- [Work instructions]: Every entry is to be returned as it stands, apart from the pictures.

Image-text web data
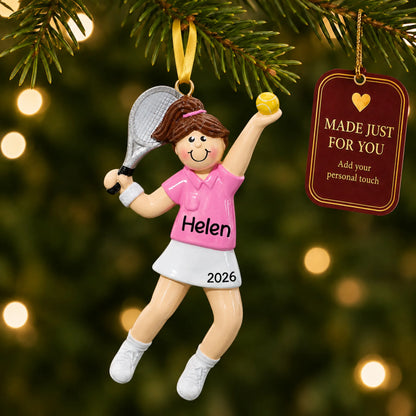 Tennis girl christmas ornament hanging on a lit Christmas tree with a Made Just For You gift tag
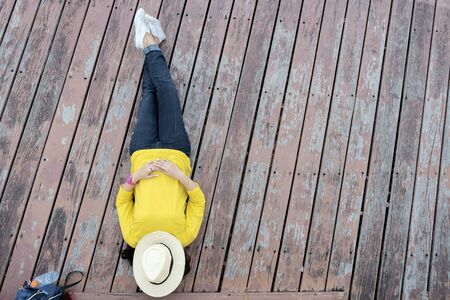 Women who are sleeping in the park happily on wooden floor patio. Wearing a yellow shirt, jeans, white sneakers, a water bottle placed on the side. She put a hat on the face to relax.の写真素材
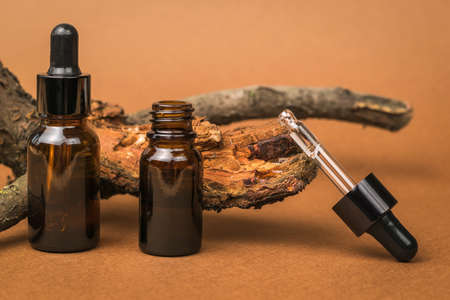 Closed and open dropper bottle on a brown background. Cosmetics and medicinal products based on natural minerals. The concept of treatment and body care using natural remedies.の写真素材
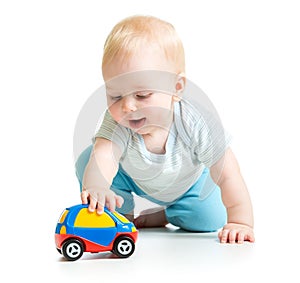 Baby boy toddler playing with toy car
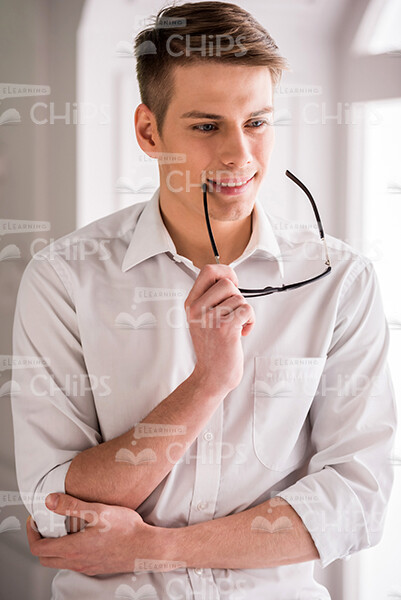 Pensive Young Man Crossed Arms Stock Photo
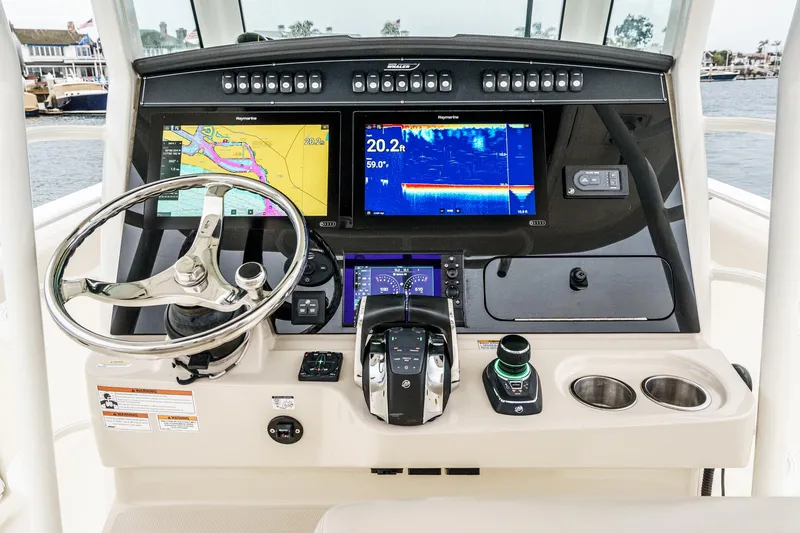 Slide: The Image of 2019 Boston Whaler 330 Outrage helm with advanced navigation displays and controls. - 46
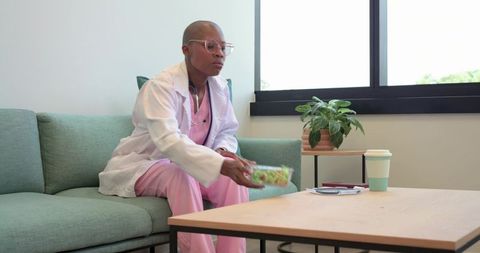 African american nurse taking lunch break on clinic sofa reaching for salad container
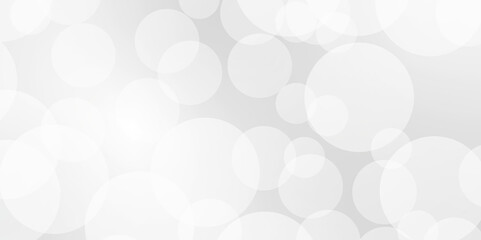 Blurry white sparkling and shiny abstract background. A brilliant blurry white background for a festive mood. Template for greeting card for entertainment.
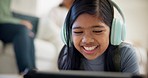 Girl, headphones and tablet for e learning, video call and online education on streaming platform. Young child from Indonesia listening to music, funny games and digital tech or home school on floor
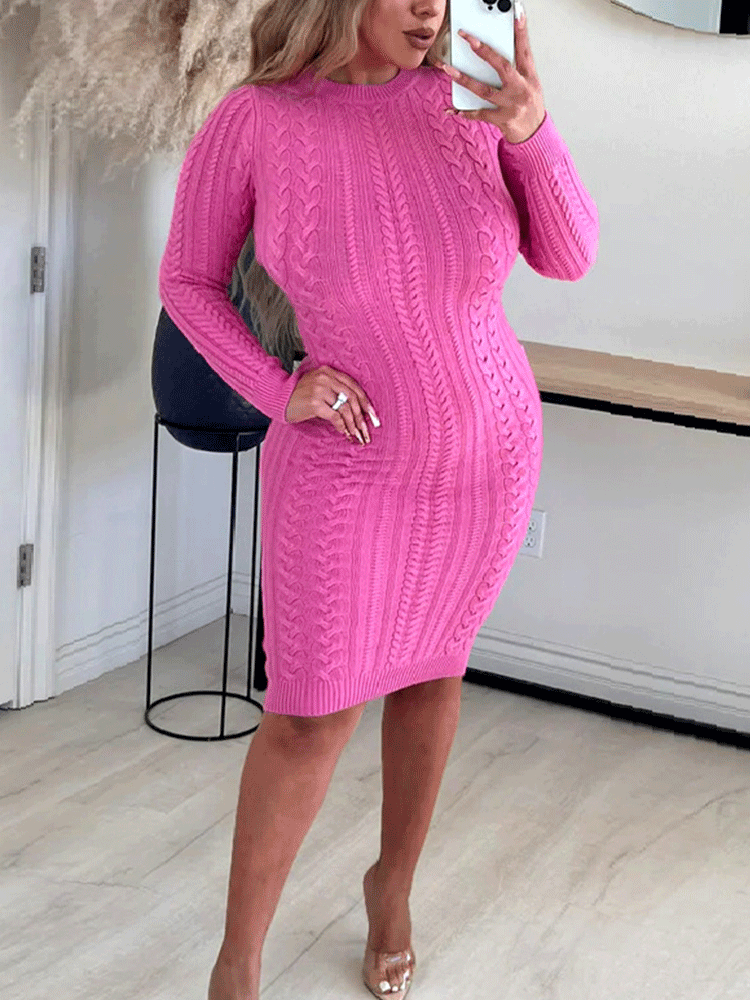 Woman wearing a pink cable knit bodycon dress from the front.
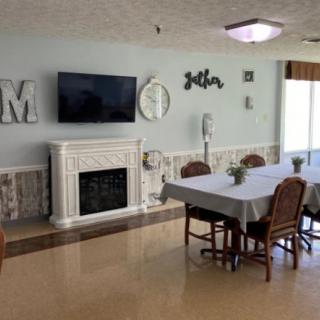 A cozy living and dining area with a fireplace, television, and elegantly set table.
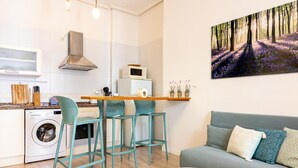 A compact living space with a kitchenette, a dining area with bar stools, a sofa, and a round coffee table. - Central Málaga Apartment: Bright, Comfortable, Fully Equipped, Near Attractions (Málaga)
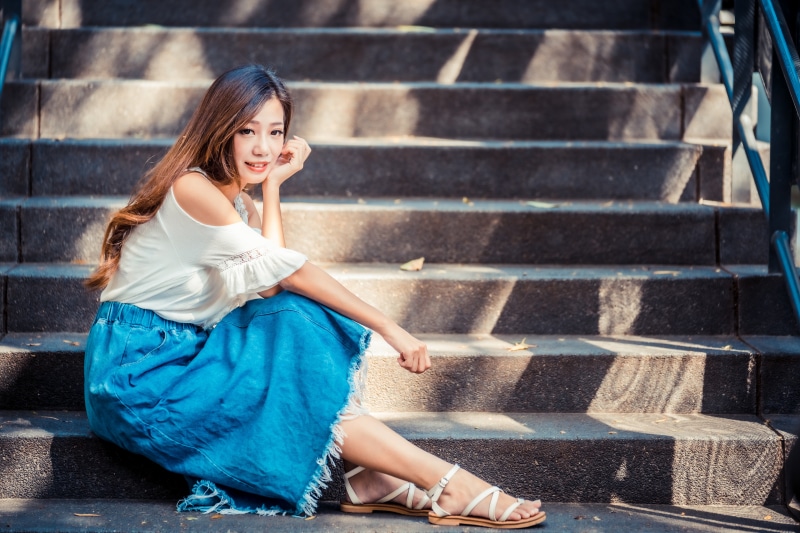 Asian woman with brown hair sitting on stairs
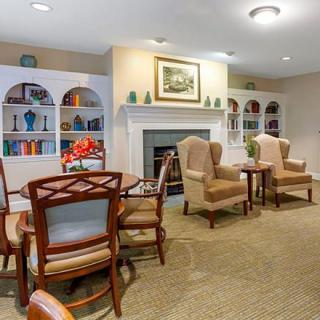 A cozy living area featuring a fireplace, bookshelves, and comfortable chairs around a table.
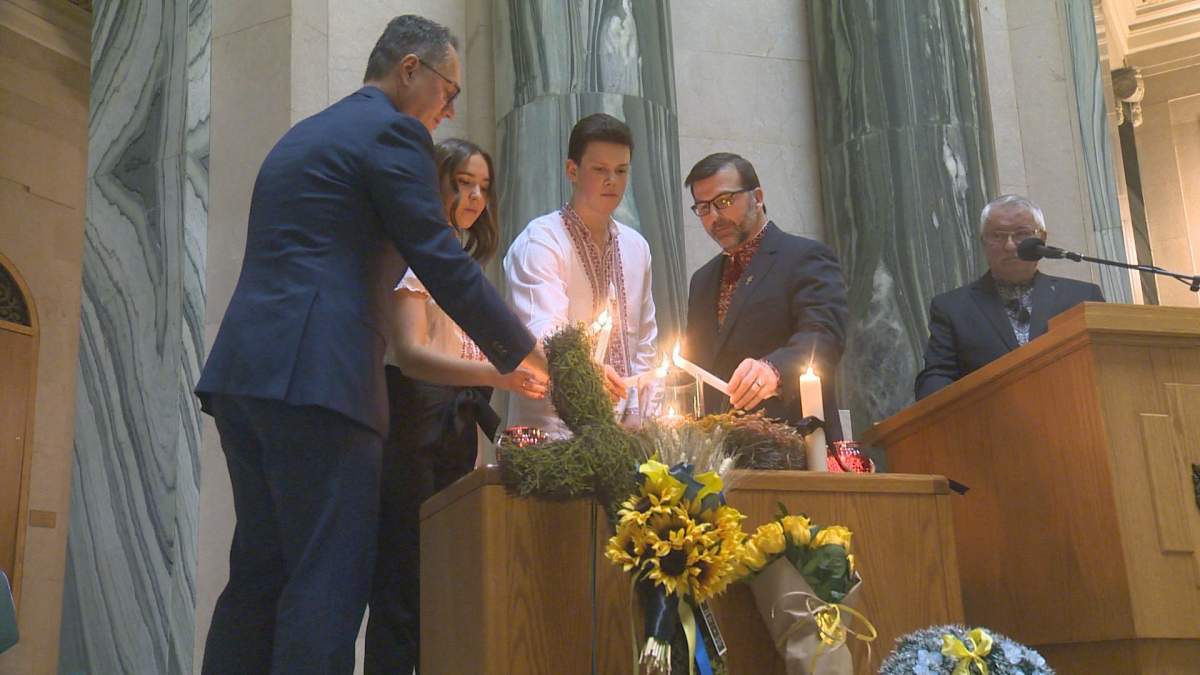 Greg Ottenbreit, the minister responsible for Saskatchewan-Ukrainian relations, lights a candle at the Saskatchewan legislature to commemorate Holodomor. 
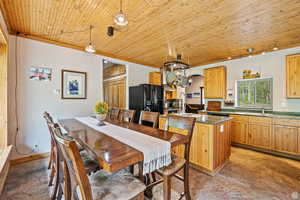 Dining area with arched walkways, wooden ceiling, and rail lighting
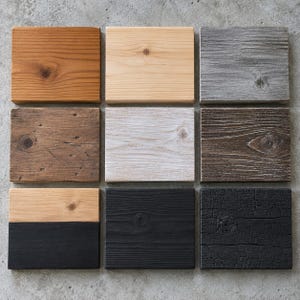 May include: A grid of nine rectangular wooden blocks featuring various finishes. The collection includes natural light wood, warm brown, weathered gray, dark brown, white-washed, solid black, charred black, and a two-toned block with natural and black.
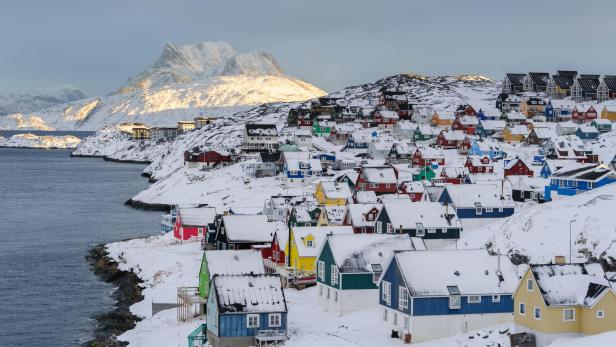 Bunte Häuser bedeckt mit Schnee in einer Küstenstadt mit Bergen im Hintergrund.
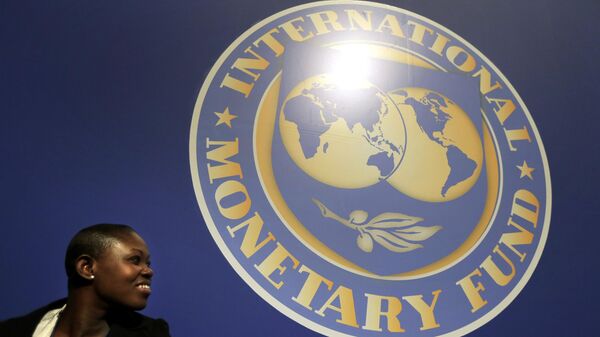 A woman sits in front of an International Monetary Fund logo at the venue of the IMF and World Bank meeting, Wednesday, Oct. 10, 2012. - Sputnik International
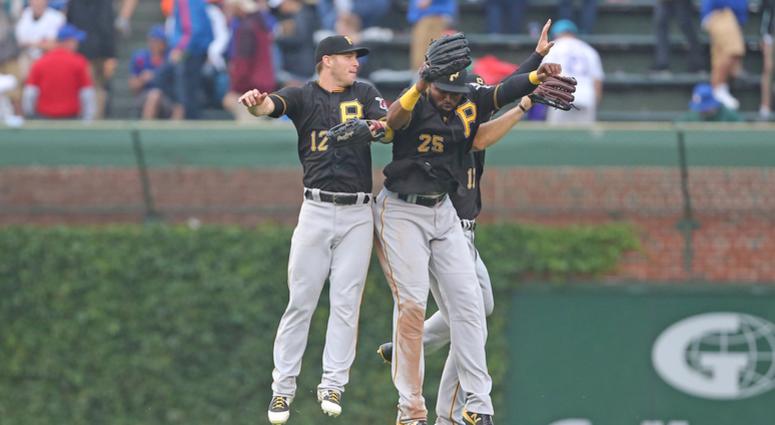 Pittsburgh Pirates left fielder Corey Dickerson (12) and right fielder Gregory Polanco (25) and center fielder Austin Meadows (17) celebrate Pirates Outfield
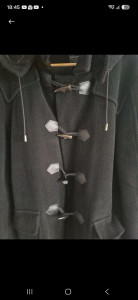 Photo de galerie - Rzmplacement des boutons avec couture à la main pour le cuir.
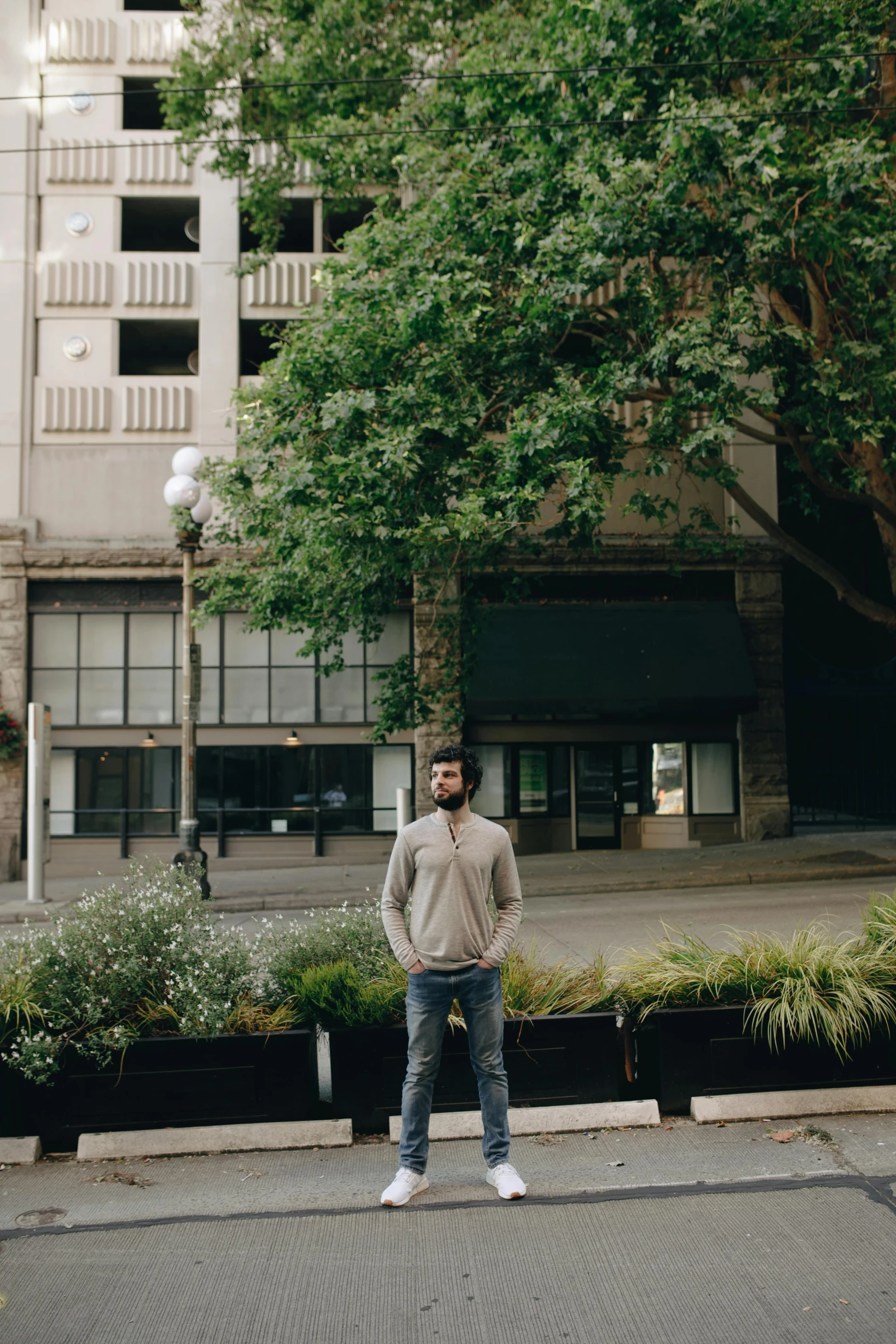 a man standing in front of a building near a lot of trees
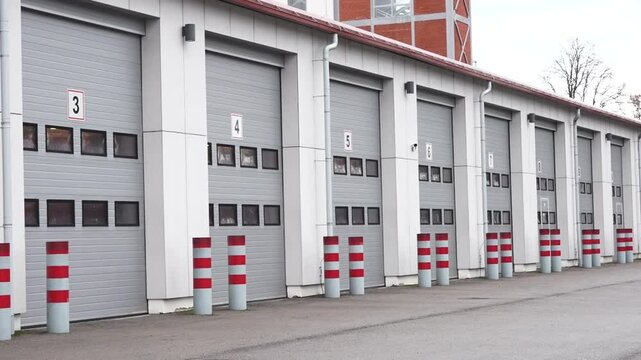 Valmiera, Latvia - November 28, 2024 - A row of gray industrial garage doors with red-striped bollards in front, part of a modern facility under a cloudy sky.
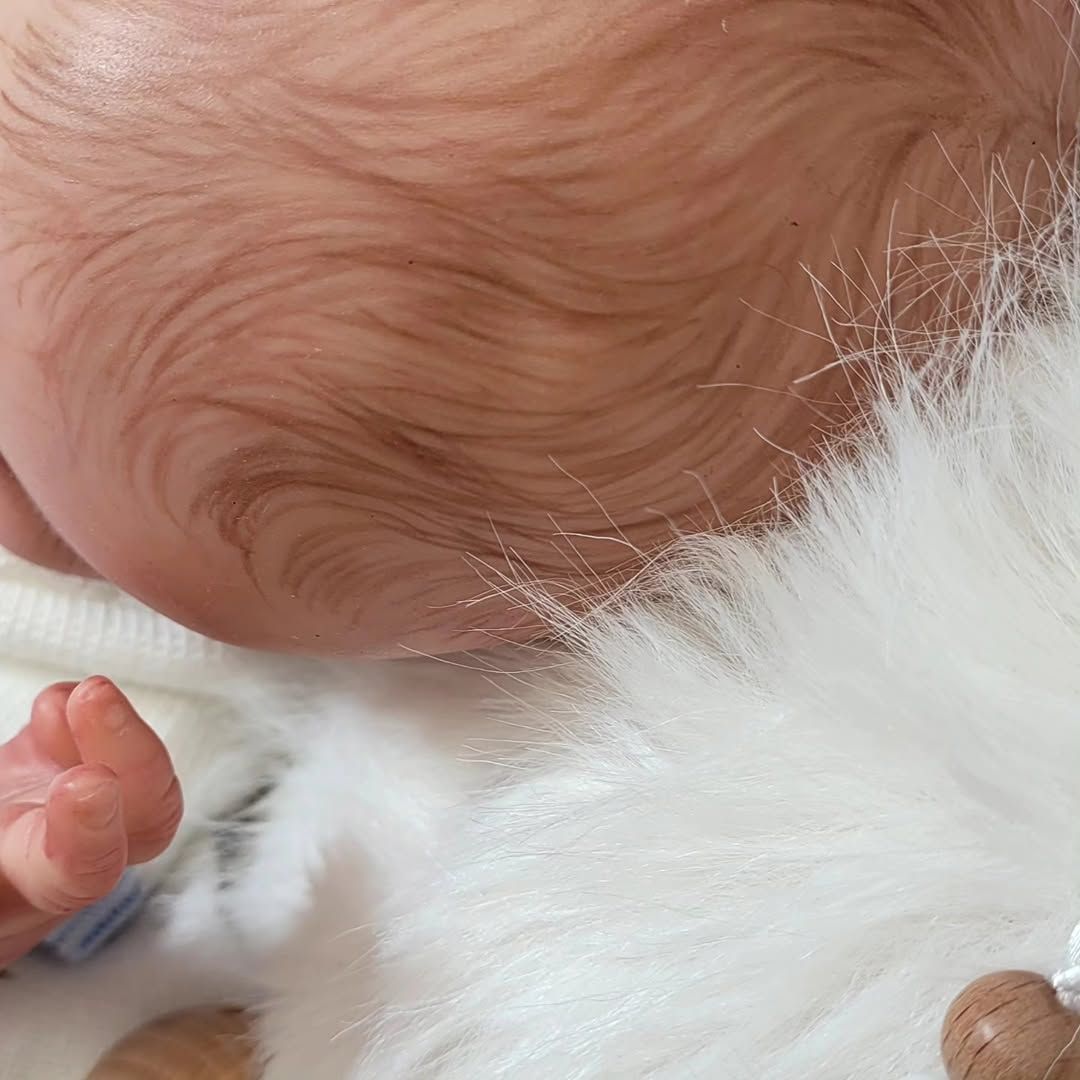 Primer plano de un bebé durmiendo sobre una manta blanca y suave.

- [Result]:
 Tennis girl christmas ornament hanging on a lit Christmas tree with a Made Just For You gift tag
 Women who are sleeping in the park happily on wooden floor patio. Wearing a yellow shirt, jeans, white sneakers, a water bottle placed on the side. She put a hat on the face to relax.の写真素材
 Closed and open dropper bottle on a brown background. Cosmetics and medicinal products based on natural minerals. The concept of treatment and body care using natural remedies.の写真素材
 Baby boy toddler playing with toy car
 Pensive Young Man Crossed Arms Stock Photo
 Slide: The Image of 2019 Boston Whaler 330 Outrage helm with advanced navigation displays and controls. - 46
 African american nurse taking lunch break on clinic sofa reaching for salad container
 Blurry white sparkling and shiny abstract background. A brilliant blurry white background for a festive mood. Template for greeting card for entertainment.
 Girl, headphones and tablet for e learning, video call and online education on streaming platform. Young child from Indonesia listening to music, funny games and digital tech or home school on floor
 Woman wearing a pink cable knit bodycon dress from the front.
 A cozy living and dining area with a fireplace, television, and elegantly set table.
 A compact living space with a kitchenette, a dining area with bar stools, a sofa, and a round coffee table. - Central Málaga Apartment: Bright, Comfortable, Fully Equipped, Near Attractions (Málaga)
 Asian woman with brown hair sitting on stairs
 A cozy living area featuring a fireplace, bookshelves, and comfortable chairs around a table.
 Greg Ottenbreit, the minister responsible for Saskatchewan-Ukrainian relations, lights a candle at the Saskatchewan legislature to commemorate Holodomor. 
 Dining area with arched walkways, wooden ceiling, and rail lighting
 May include: A grid of nine rectangular wooden blocks featuring various finishes. The collection includes natural light wood, warm brown, weathered gray, dark brown, white-washed, solid black, charred black, and a two-toned block with natural and black.
 Bunte Häuser bedeckt mit Schnee in einer Küstenstadt mit Bergen im Hintergrund.
 A woman sits in front of an International Monetary Fund logo at the venue of the IMF and World Bank meeting, Wednesday, Oct. 10, 2012. - Sputnik International
 Pittsburgh Pirates left fielder Corey Dickerson (12) and right fielder Gregory Polanco (25) and center fielder Austin Meadows (17) celebrate Pirates Outfield
 Photo de galerie - Rzmplacement des boutons avec couture à la main pour le cuir.
 a man standing in front of a building near a lot of trees
 Valmiera, Latvia - November 28, 2024 - A row of gray industrial garage doors with red-striped bollards in front, part of a modern facility under a cloudy sky.
 Primer plano de un bebé durmiendo sobre una manta blanca y suave.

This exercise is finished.